You will still get to enjoy the bulk of your increment. And in 5 to 10 years’ time when you’re earning a salary of $6,000, you would be saving close to 20% of your salary and socking away more than $1,000 a month!
This is essentially Bernartzi and Thaler’s Save More Tomorrow plan that helps most people to get past their bias of valuing the present more than the future and failing to save.
5. The All Seasons Strategy
This is what Tony distilled from Ray Dalio, one of the best investors in the world and whom our local bigwigs like GIC and Temasek Holdings often turn to for advice.

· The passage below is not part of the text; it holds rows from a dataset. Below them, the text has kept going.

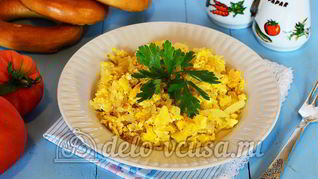 Жареная капуста с яйцом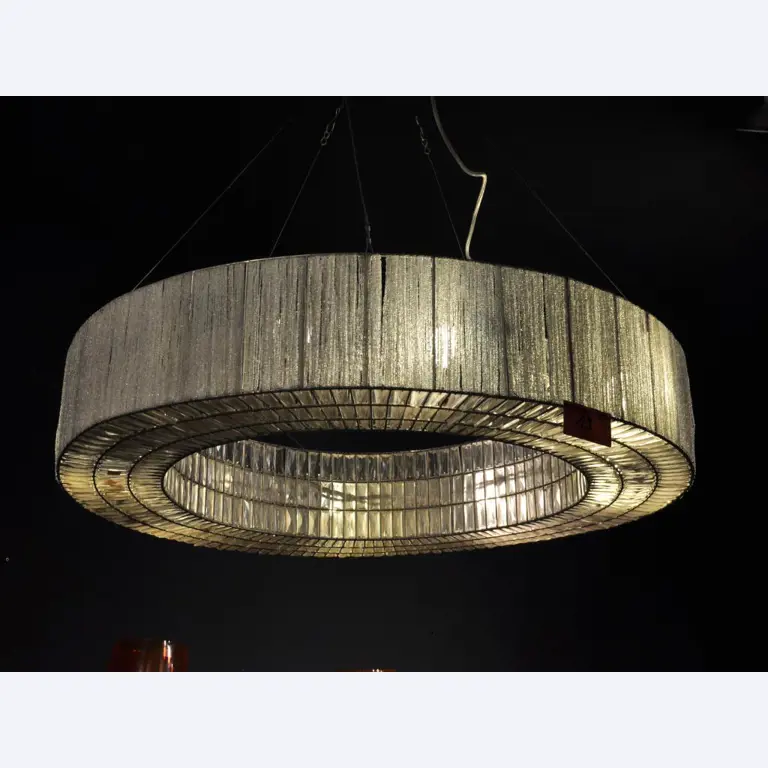 Dobře udržované vybavení obchodu a exkluzivní dekorativní předměty z květinového butiku-1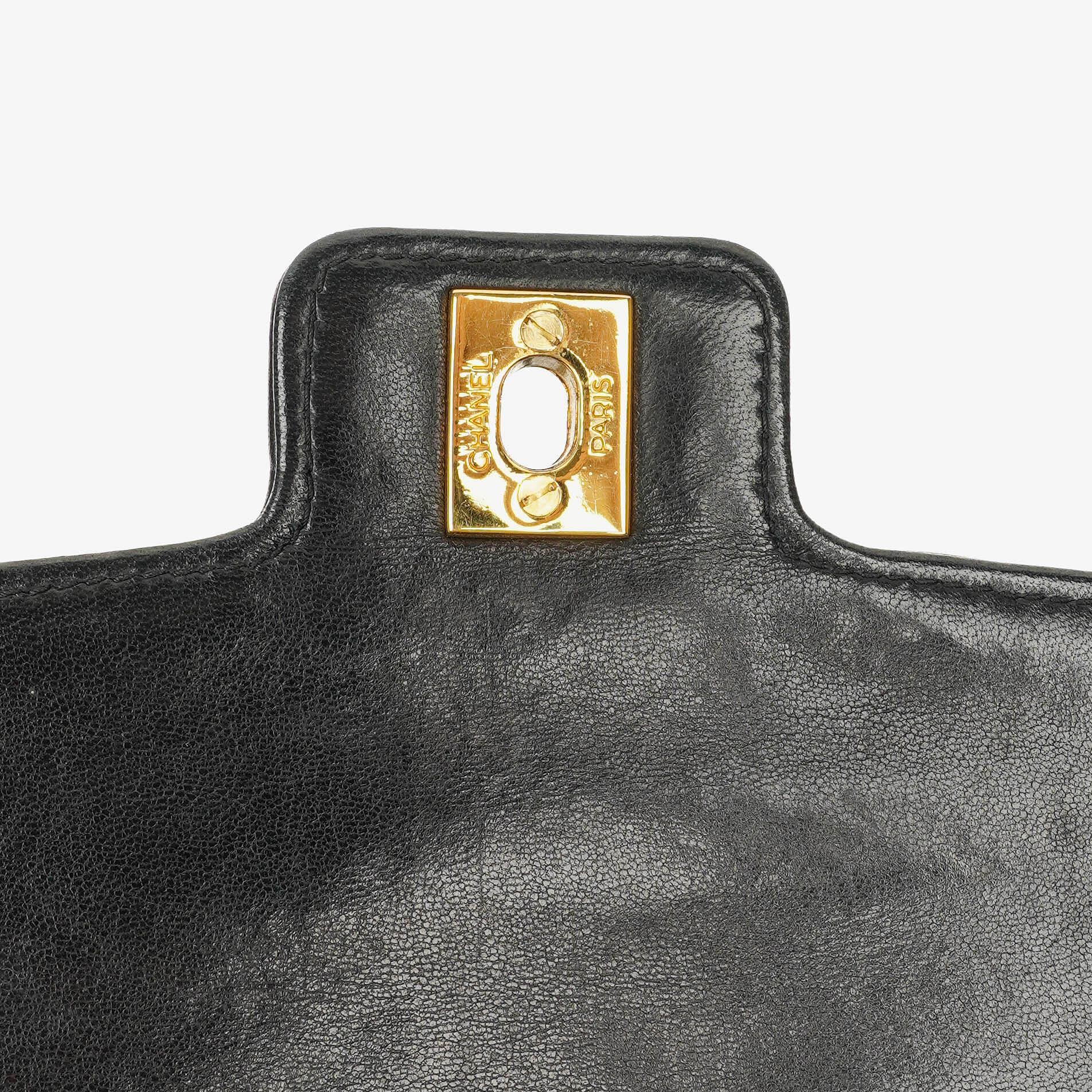 Chanel Medium Flap Tasche aus schwarzem Chevron-Lammleder mit 24K vergoldeten Beschlägen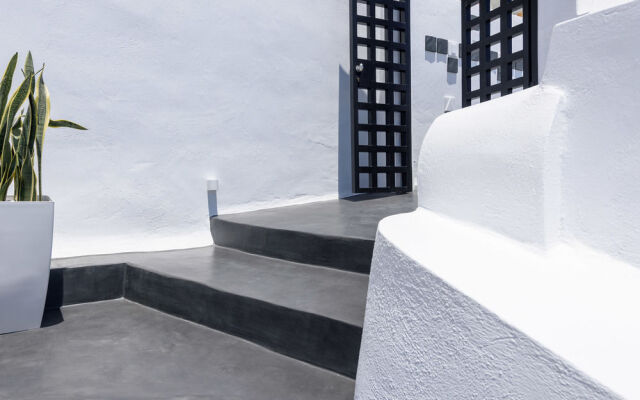 Solstice Luxury Suites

The All Seasons Strategy promises low volatility, low down-side risks, and decent upsides. A back-test over the last 30 years showed that there were only 4 down years with an average loss of just 2% and the worst down year was just around 5%.
And yes, a decent overall annualised return of just under 10%!
Some of the components that make up the All Seasons Strategy might be hard to replicate in Singapore. And a great alternative is the Singapore Permanent Portfolio. I truly believe that with rebalancing, it should deliver a long-run real return of 5%.
6. Annuities Can Be Great! (Sequence of Return Risk)
Our generation could well be living beyond our 90s. And yes, we need the wealth to last us till then.
But did you know that if you retire at 65 and assuming you live till 95, the sequence of return could well determine if your money could last you for 30 years of drawdown?
If there’s a bad recession during your early years of retirement, you could jolly well have to come back to the workforce by your mid 80s, as the drawdowns could mean that your portfolio might not have the capital to bounce back up during the latter recovery.
And that’s where an annuity comes in. So yes, maximize your CPF accounts before you turn 65 so that you can have a greater peace of mind during your retirement. It is the annuity with the highest return in our country. A guaranteed payout of $1,500 a month is certainly not to be sniffed at.
7. How The Best Invest Their Money
Find out how the best such as Carl Icahn, David Swensen and John Bogle invest their money and their advice to common folks like us in the book.
I definitely enjoyed this section!
I will be honest. There’s a perfectly good chance I would be buying this book to keep in my own personal library. It’s definitely in the list of 10 or even 5 books I would recommend to someone just starting out and who wants proficiency in managing his personal finances.